The TPP reduces and eliminates tariffs associated with trading textiles and apparel between member states. Taking advantage of the TPP's preferential tariff treatment by trading with other member states could result in significant cost savings for retailers and producers in Canada. The specific rates of preferential tariff treatment, including the base rates of duty applicable to each item and the timeline for tariff elimination, can be found in each member state's Tariff Elimination Schedule.
Generally, for an end product to qualify for preferential tariff treatment, it must originate within the TPP region in accordance with the Agreement's rules of origin. As a general rule, an end product must be comprised of yarns and fabrics from the TPP region to qualify as originating within the TPP region. This requirement is often referred to as the “yarn forward” rule.

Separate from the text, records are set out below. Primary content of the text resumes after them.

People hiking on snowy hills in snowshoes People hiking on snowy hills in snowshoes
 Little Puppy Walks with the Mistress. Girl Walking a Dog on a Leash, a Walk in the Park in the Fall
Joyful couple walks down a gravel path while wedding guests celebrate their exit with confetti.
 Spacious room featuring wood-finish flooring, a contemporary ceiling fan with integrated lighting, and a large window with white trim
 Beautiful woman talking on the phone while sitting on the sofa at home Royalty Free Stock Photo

However, the TPP also provides a degree of flexibility with respect to the yarn forward rule. Article 2 of Annex 4-A outlines that an end product qualifies as originating if it is produced entirely in the territory of one or more TPP parties using non-originating materials that have undergone the production process requirements or changes in tariff classifications specified in the Annex, and the end product otherwise satisfies the rule of origin requirements set out in Chapters 3 and 4 of the TPP.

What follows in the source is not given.